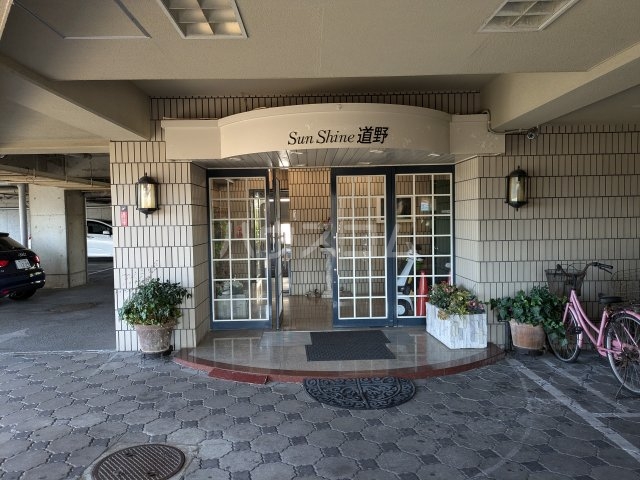 22/28 エントランス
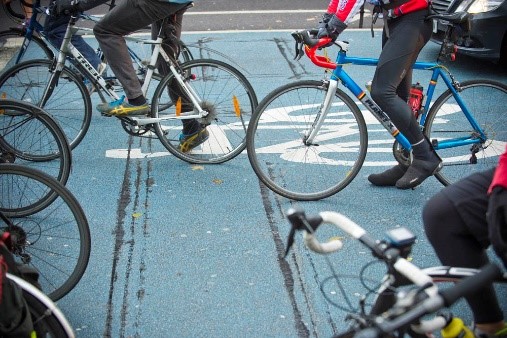 Example of cycling commuters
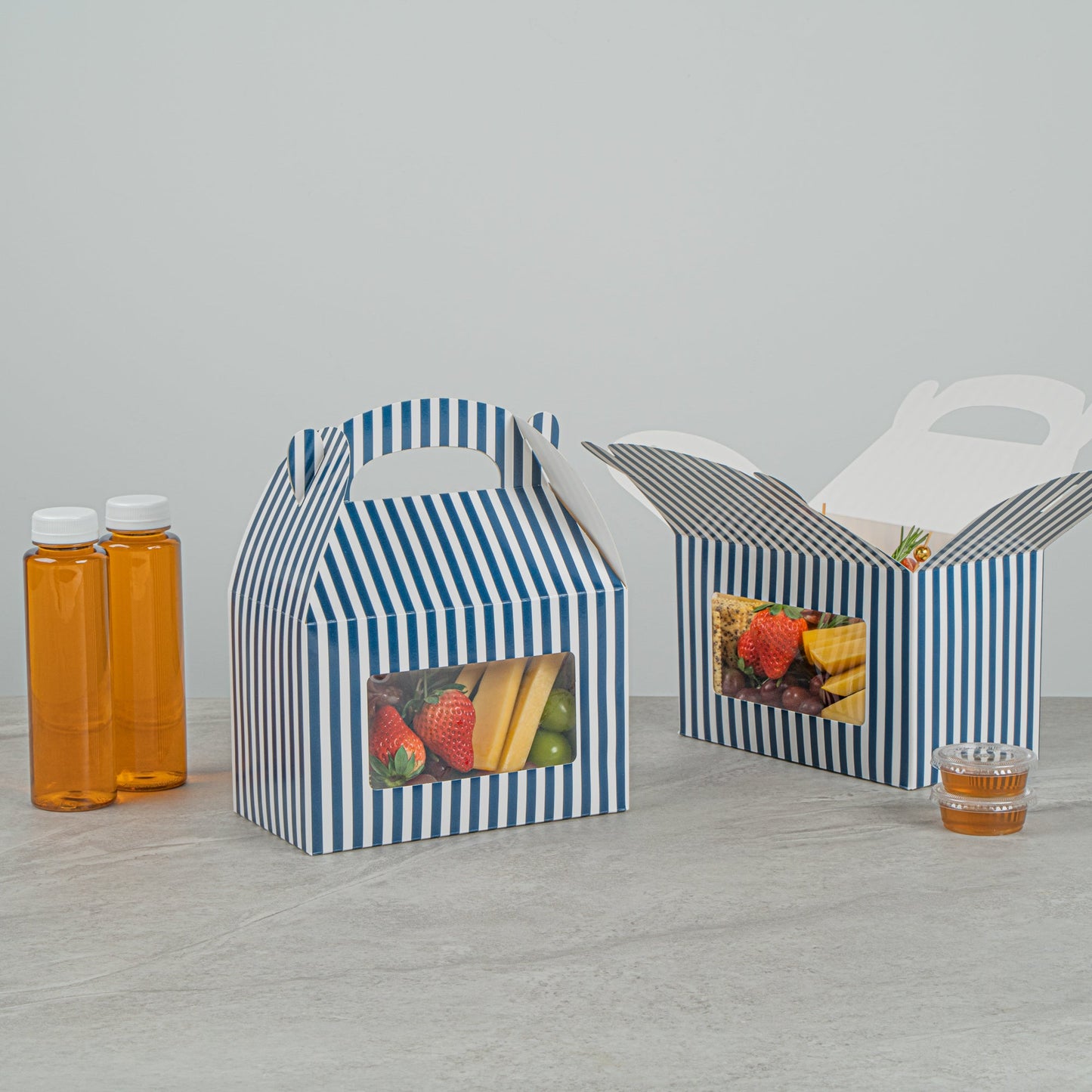 Bio Tek Blue and White Stripe Paper Gable Box / Take Out Container - with Window - 8 1/2" x 4 3/4" x 5 1/2" - 100 count box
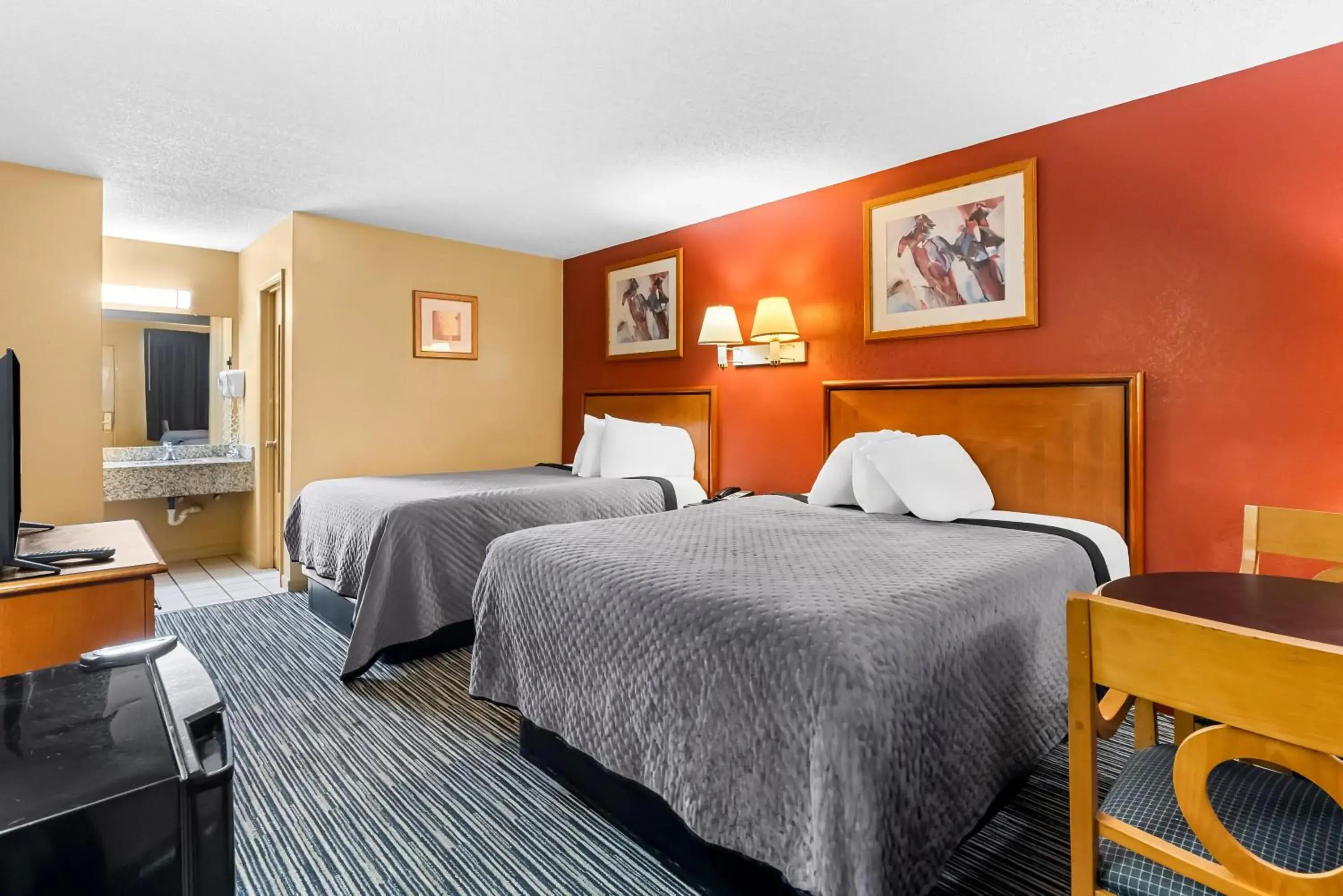 Double Room with Two Double Beds - Non-Smoking in America's Best Value Inn-Athens Double Room with Two Double Beds - Non-Smoking in America's Best Value Inn-Athens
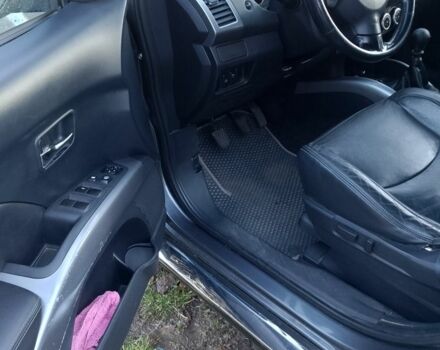 Серый Ситроен С-Кроссер, объемом двигателя 2.2 л и пробегом 288 тыс. км за 8800 $, фото 10 на Automoto.ua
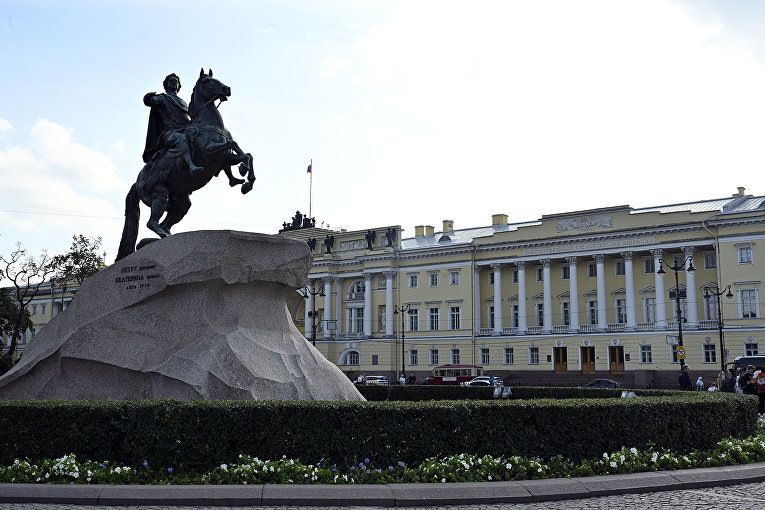 Конституционный суд пояснил, почему российские суды не могут отменять решения иностранных арбитражей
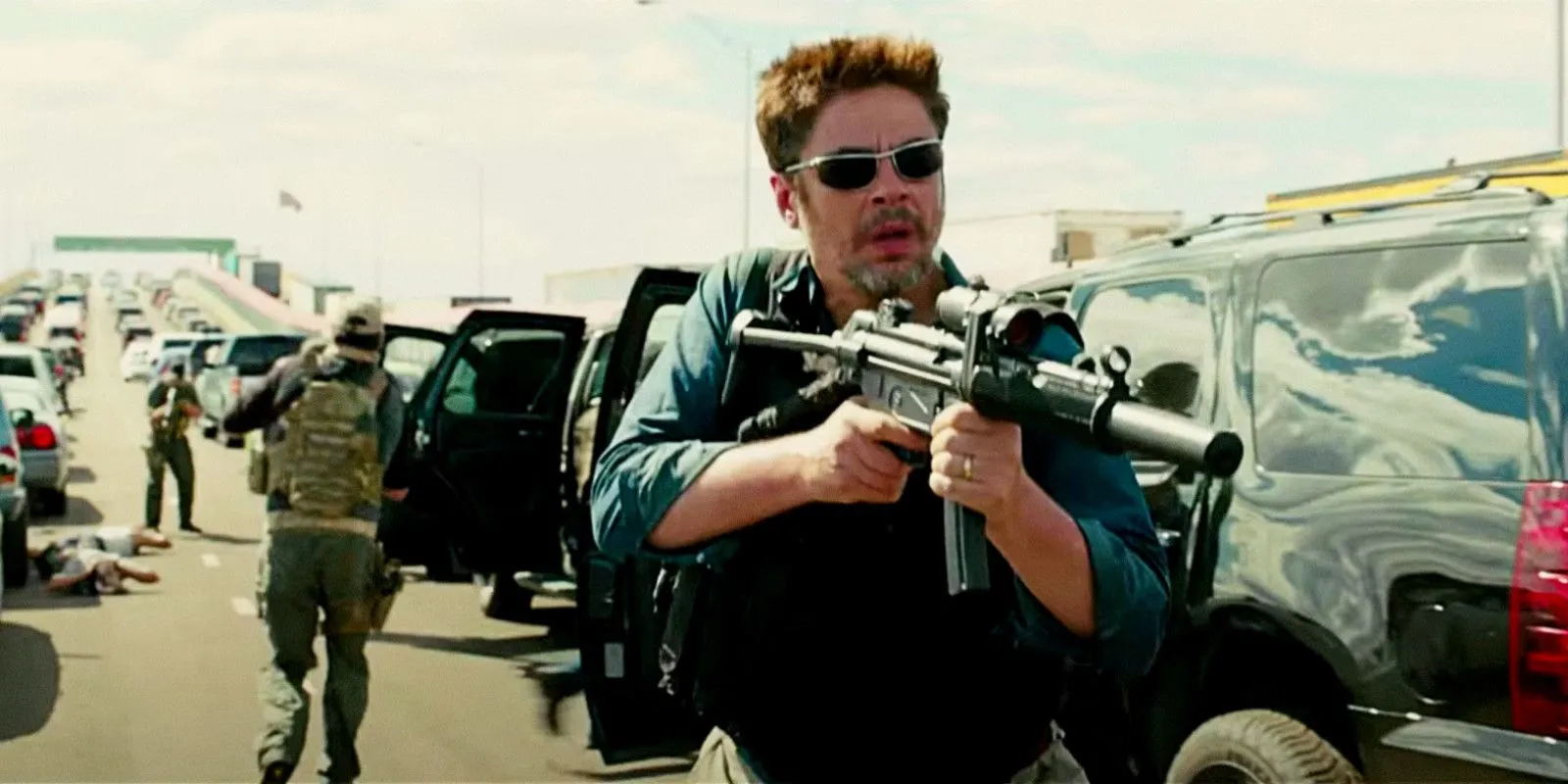 Benicio Del Toro in einer Actionszene aus Sicario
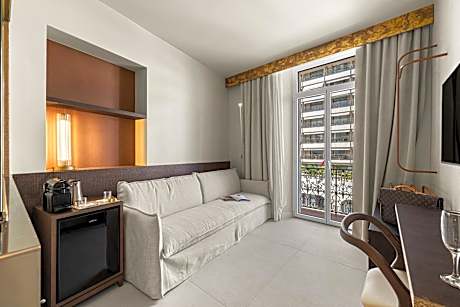 Deluxe Suite with Sea View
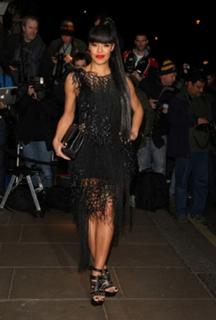 Sarah-Jane Crawford feet photo 9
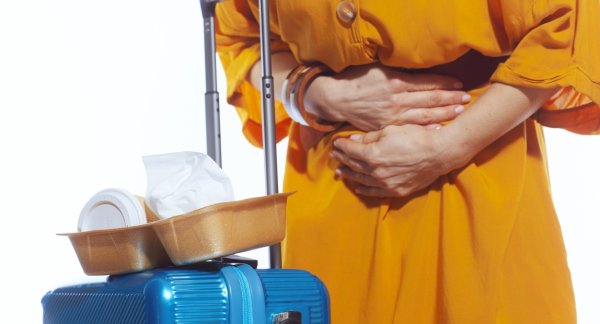 Disbiosi estiva: come i viaggi, i cambi di orario e l'alimentazione disordinata alterano la flora batterica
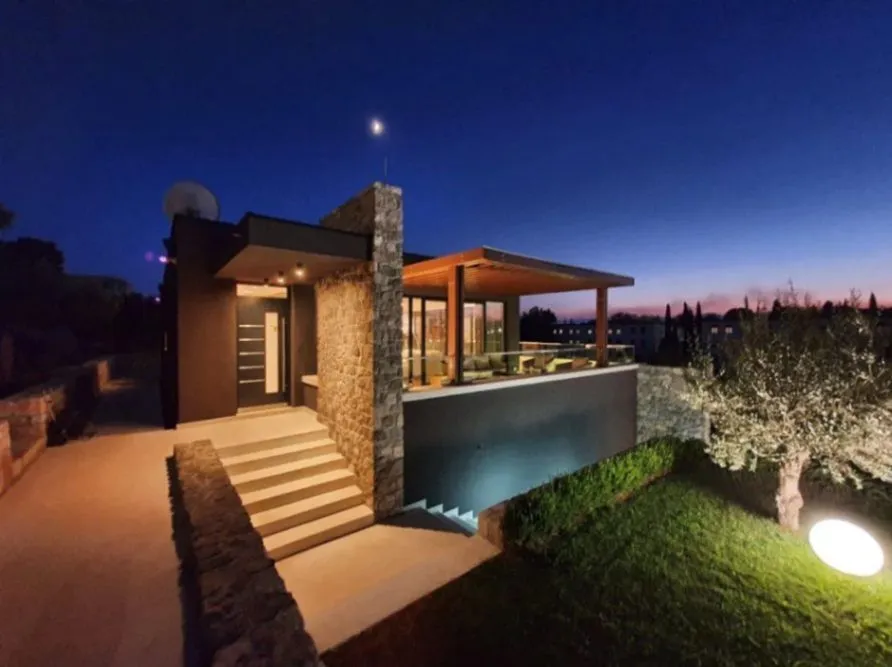 Prodaja, kuća, 234m², Masline, Podgorica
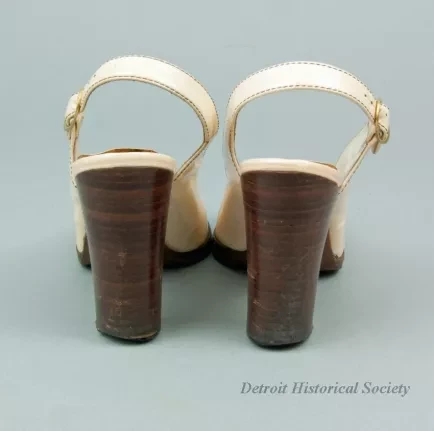 Shoe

*****

## INSTRUCTIONS FOR THE TASK
Across the whole listing, reproduce each line verbatim and exclude every picture.

## RESPONSE BOX
 22/28 エントランス
 Example of cycling commuters
 Bio Tek Blue and White Stripe Paper Gable Box / Take Out Container - with Window - 8 1/2" x 4 3/4" x 5 1/2" - 100 count box
 Double Room with Two Double Beds - Non-Smoking in America's Best Value Inn-Athens Double Room with Two Double Beds - Non-Smoking in America's Best Value Inn-Athens
 Серый Ситроен С-Кроссер, объемом двигателя 2.2 л и пробегом 288 тыс. км за 8800 $, фото 10 на Automoto.ua
 Конституционный суд пояснил, почему российские суды не могут отменять решения иностранных арбитражей
 Benicio Del Toro in einer Actionszene aus Sicario
 Deluxe Suite with Sea View
 Sarah-Jane Crawford feet photo 9
 Disbiosi estiva: come i viaggi, i cambi di orario e l'alimentazione disordinata alterano la flora batterica
 Prodaja, kuća, 234m², Masline, Podgorica
 Shoe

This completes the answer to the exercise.